Multimodal Neural Radiance Field [44] is valuable for robot vision and scene understanding. Zhu et al. [48] introduce a method that aligns different modalities, incorporating point clouds and infrared image supervision. CLIP-NeRF [40] proposes a unified framework that enables user-friendly manipulation of NeRF using either a short text prompt or an exemplar image. MMNeRF [45] learns multimodal and multi-view features to guide neural radiance fields toward a generic model. OMMO [19] serves as a multimodal benchmark for outdoor NeRF-based tasks, providing complex objects and scenes with calibrated images, point clouds, and prompt annotations. ObjectFolder [10] is a dataset designed for multisensory object-centric learning, incorporating vision, audio, and touch modalities. In addition to RGB cameras, our dataset includes a range of sensor types such as Fisheye cameras, IMU (Inertial Measurement Unit), audio, and more. This diverse collection of data enables the training of NeRF models using multiple modalities.

VR/AR

NeRF holds great potential for creating immersive environments in Augmented and Virtual Reality (AR/VR) applications. NeRF is highly applicable with the ability to generate realistic and high-quality visual experiences in these domains. Fov-NeRF [7] is a technique that specifically targets Virtual Reality (VR) applications by introducing a gaze-contingent neural radiance field. This method enhances the responsiveness of neural synthesis within the VR environment, resulting in improved visual quality and realism in virtual experiences. Instant-3D [13] is an algorithm-hardware co-design acceleration framework that enables instant on-device NeRF training. This framework facilitates instant 3D reconstruction for AR/VR applications, allowing for real-time and interactive experiences. TLIO [18], trained with pedestrian data from a headset, has the capability to produce statistically consistent measurements and uncertainty for IMU-only state estimation. This contributes to accurate tracking and positioning in AR/VR scenarios. EPIC Fields [37] enhances the EPIC-KITCHENS dataset by incorporating 3D camera information. Recently, HoloAssist [42] is an egocentric human interaction dataset, where two people collaboratively complete physical manipulation tasks. Our dataset, which includes a commodity omnidirectional camera with two fish-eye lenses, has the potential to enhance VR/AR applications by providing valuable data for training and improving NeRF-based techniques.

3 Method

We evaluate two existing methods: Nerfacto [35] which is adept at constructing neural radiance fields for static scenes using real-world data, and NeuralDiff [38], a method explicitly tailored for dynamic Neural Radiance Field (NeRF) scenarios.

3.1 Nerfacto

The Nerfacto model is the default model used by nerfstudio [35] for building neural radiance fields of static scenes from real data. This model is a combination of various established methods known for their efficacy with real data. Key techniques integrated into the Nerfacto model include camera pose refinement, per-image appearance conditioning, proposal sampling, scene contraction, and hash encoding.

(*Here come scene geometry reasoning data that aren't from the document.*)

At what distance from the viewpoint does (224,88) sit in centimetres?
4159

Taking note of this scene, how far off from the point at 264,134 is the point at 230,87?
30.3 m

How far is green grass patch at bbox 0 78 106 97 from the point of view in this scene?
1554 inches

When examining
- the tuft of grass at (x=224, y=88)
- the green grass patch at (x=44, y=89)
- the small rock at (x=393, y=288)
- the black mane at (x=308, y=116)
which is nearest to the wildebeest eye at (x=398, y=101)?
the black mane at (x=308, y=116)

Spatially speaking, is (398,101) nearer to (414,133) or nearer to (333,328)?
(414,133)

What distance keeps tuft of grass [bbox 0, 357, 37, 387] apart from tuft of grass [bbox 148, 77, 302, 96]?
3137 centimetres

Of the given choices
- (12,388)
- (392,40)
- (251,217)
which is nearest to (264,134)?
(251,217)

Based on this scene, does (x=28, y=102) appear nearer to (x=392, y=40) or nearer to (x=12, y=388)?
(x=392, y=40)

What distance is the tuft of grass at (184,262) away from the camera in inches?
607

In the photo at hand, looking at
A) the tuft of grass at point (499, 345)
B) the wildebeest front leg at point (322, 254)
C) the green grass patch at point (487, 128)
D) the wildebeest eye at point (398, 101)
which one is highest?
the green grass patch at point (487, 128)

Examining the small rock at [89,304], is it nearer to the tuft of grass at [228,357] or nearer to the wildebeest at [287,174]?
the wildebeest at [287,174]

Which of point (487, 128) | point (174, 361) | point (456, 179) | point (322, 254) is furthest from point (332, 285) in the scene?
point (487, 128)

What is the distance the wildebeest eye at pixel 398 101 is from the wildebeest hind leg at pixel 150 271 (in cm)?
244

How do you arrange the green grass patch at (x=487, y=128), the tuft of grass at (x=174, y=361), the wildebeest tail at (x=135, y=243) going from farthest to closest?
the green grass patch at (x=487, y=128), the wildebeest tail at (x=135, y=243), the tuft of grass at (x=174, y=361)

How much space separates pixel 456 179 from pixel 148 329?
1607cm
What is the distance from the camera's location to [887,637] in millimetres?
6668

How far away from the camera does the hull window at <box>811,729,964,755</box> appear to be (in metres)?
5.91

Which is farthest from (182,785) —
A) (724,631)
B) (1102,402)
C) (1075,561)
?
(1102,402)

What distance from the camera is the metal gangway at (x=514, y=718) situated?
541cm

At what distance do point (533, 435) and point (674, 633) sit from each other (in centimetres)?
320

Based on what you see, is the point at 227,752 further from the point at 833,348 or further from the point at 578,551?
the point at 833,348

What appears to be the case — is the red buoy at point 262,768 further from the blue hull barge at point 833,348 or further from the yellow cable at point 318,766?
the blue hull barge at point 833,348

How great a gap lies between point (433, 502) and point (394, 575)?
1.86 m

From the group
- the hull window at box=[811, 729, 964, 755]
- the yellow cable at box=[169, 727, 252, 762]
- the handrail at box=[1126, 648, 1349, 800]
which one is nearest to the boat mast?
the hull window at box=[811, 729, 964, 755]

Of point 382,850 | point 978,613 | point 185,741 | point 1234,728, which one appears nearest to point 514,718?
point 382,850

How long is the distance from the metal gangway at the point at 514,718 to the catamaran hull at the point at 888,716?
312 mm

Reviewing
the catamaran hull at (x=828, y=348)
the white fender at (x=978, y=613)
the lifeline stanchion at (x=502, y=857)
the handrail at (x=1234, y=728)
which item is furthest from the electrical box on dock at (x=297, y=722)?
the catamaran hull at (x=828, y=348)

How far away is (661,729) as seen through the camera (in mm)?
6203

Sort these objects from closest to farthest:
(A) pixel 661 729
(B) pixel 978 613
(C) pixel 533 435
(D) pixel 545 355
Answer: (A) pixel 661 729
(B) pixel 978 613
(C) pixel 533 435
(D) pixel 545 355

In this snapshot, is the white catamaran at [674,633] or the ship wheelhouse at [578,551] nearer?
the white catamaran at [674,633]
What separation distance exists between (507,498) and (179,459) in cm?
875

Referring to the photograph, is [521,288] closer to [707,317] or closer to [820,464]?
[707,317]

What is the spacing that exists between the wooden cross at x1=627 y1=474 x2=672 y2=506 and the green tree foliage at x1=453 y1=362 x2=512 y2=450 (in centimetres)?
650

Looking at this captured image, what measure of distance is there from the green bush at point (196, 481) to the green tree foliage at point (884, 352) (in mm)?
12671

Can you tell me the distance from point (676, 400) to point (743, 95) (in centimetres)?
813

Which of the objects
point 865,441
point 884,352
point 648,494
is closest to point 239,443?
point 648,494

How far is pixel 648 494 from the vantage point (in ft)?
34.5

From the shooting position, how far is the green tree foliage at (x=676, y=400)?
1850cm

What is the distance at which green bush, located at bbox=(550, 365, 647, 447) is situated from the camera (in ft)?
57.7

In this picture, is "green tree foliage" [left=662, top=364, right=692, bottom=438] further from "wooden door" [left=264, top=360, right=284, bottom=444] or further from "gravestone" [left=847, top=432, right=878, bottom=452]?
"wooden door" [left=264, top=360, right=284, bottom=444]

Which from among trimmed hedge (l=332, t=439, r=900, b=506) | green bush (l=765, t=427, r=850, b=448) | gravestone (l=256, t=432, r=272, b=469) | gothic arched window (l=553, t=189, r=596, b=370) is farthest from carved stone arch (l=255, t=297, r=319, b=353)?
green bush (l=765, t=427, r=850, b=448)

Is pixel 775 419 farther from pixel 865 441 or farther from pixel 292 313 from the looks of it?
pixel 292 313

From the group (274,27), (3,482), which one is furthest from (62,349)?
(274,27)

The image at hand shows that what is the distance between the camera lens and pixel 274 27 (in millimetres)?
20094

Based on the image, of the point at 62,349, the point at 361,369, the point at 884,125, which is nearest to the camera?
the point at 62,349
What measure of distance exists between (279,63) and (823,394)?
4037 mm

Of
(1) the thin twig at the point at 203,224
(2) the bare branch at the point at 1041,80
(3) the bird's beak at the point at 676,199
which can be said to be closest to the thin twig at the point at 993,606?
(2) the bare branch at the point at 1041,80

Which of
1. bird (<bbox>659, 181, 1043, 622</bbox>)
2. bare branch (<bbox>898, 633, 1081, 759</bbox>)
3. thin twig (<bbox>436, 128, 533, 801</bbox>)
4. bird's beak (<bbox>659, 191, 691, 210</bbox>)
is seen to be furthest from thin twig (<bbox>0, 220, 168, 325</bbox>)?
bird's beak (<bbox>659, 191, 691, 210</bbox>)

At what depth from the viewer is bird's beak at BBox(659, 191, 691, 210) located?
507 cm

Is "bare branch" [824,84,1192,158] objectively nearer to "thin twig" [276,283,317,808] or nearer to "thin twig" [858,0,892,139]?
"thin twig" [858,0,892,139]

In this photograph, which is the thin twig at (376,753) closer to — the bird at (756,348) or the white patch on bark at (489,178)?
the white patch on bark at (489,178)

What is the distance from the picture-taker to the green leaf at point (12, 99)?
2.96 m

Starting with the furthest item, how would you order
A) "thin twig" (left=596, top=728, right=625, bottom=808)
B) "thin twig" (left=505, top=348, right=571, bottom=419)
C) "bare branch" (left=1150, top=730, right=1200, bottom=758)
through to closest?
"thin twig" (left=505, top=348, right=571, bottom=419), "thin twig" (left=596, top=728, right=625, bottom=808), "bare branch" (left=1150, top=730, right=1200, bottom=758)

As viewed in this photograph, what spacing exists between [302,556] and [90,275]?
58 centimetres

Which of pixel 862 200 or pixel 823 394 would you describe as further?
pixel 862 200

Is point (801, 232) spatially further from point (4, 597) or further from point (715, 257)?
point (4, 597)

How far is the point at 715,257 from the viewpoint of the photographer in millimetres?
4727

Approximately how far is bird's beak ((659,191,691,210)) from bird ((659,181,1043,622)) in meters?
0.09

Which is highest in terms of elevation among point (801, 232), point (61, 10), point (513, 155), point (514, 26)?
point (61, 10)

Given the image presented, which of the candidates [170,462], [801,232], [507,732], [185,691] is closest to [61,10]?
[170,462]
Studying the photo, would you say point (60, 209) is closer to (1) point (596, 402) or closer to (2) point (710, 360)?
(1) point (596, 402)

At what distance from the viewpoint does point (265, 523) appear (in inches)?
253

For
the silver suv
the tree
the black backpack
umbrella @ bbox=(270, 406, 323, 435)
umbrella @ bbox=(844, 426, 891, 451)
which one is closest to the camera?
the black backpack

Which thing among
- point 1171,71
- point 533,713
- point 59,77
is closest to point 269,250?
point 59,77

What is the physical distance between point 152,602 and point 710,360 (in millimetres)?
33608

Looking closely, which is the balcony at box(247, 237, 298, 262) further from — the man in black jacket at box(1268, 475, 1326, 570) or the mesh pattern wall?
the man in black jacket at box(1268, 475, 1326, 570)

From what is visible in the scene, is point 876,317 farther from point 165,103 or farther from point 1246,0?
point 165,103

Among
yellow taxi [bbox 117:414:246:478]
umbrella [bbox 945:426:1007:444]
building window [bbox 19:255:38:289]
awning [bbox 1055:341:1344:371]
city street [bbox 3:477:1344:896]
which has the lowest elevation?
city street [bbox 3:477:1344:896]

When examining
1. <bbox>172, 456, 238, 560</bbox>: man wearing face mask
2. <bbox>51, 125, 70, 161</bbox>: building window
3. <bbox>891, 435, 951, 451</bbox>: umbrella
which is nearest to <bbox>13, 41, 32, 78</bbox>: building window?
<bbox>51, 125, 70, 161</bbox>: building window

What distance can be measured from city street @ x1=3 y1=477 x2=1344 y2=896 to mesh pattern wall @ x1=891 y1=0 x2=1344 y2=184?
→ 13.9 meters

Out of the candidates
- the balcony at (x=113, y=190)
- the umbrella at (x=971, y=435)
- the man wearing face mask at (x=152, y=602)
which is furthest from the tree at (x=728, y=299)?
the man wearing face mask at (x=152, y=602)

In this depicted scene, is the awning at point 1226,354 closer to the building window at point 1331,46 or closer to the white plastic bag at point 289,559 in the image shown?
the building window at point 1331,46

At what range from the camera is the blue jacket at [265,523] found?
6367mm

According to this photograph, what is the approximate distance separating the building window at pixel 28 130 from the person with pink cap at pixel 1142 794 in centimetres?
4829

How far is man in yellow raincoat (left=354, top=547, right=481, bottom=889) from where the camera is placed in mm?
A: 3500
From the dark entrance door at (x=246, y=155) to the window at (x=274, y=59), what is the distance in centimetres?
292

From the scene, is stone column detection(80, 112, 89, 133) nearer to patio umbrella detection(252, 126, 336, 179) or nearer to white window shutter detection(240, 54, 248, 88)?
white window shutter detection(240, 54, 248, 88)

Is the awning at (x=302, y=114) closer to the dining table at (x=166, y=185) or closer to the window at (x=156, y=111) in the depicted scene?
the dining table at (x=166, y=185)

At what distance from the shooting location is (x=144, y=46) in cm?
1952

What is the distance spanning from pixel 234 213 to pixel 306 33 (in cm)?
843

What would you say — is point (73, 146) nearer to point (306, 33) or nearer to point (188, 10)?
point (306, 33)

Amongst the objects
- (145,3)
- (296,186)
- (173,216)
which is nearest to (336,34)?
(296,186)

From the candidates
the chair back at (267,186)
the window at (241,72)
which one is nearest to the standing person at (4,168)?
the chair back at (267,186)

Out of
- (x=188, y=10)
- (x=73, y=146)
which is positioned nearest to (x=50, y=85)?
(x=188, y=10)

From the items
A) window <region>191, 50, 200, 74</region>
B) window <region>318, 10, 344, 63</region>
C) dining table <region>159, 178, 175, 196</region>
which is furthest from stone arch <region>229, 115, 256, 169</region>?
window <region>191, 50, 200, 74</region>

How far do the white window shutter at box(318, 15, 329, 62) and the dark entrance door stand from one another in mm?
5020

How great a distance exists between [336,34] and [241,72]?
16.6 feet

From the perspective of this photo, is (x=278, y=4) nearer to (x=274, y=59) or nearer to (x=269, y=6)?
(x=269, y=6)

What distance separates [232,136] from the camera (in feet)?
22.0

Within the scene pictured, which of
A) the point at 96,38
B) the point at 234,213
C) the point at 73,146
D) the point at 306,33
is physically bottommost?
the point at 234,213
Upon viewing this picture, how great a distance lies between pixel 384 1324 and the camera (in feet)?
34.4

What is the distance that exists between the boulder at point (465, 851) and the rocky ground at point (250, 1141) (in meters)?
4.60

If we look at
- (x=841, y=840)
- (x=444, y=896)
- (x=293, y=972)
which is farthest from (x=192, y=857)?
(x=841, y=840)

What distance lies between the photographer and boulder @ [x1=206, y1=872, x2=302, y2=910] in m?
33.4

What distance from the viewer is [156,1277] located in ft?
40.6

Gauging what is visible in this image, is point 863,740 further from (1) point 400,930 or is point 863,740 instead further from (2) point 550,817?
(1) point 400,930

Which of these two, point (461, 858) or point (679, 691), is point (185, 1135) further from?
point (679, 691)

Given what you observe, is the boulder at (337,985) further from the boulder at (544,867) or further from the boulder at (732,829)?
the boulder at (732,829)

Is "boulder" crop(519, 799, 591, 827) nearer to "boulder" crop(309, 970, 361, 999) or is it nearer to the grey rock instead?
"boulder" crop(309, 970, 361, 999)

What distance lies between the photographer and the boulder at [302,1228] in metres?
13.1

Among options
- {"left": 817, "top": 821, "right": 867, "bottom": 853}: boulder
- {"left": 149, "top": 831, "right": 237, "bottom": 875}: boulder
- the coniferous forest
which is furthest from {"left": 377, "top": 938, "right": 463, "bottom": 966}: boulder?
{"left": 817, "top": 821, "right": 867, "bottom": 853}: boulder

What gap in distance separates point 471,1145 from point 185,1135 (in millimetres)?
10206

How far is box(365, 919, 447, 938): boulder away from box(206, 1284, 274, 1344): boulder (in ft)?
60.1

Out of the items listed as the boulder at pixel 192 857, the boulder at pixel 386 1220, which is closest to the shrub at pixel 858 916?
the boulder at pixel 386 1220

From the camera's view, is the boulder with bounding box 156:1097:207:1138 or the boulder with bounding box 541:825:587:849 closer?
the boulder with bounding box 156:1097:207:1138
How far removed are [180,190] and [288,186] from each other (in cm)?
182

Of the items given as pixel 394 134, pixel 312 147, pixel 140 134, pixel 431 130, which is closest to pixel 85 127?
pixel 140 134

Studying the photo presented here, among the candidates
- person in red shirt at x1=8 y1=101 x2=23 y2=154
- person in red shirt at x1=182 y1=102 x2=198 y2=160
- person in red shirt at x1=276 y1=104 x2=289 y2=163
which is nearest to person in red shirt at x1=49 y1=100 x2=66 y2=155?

Ray Generation and Sampling

The Nerfacto algorithm begins by optimizing camera views via an optimized SE(3) transformation [16]. Utilizing these views, RayBundles are generated. To enhance both the efficiency and efficacy of the sampling process, a piece-wise sampler is employed. Initially, this sampler operates uniformly up to a designated distance from the camera. Subsequently, its sampling becomes progressively distributed, with each sample’s step size increasing incrementally. These samples are introduced to a proposal network sampler, as conceptualized in the MipNeRF-360 approach [2]. Nerfacto incorporates a compact fused MLP equipped with hash encoding [23] for representing the scene’s density function, attributing to its computational efficiency without compromising accuracy. To further reduce the number of samples along rays, the proposal network sampler is designed to encompass multiple density fields.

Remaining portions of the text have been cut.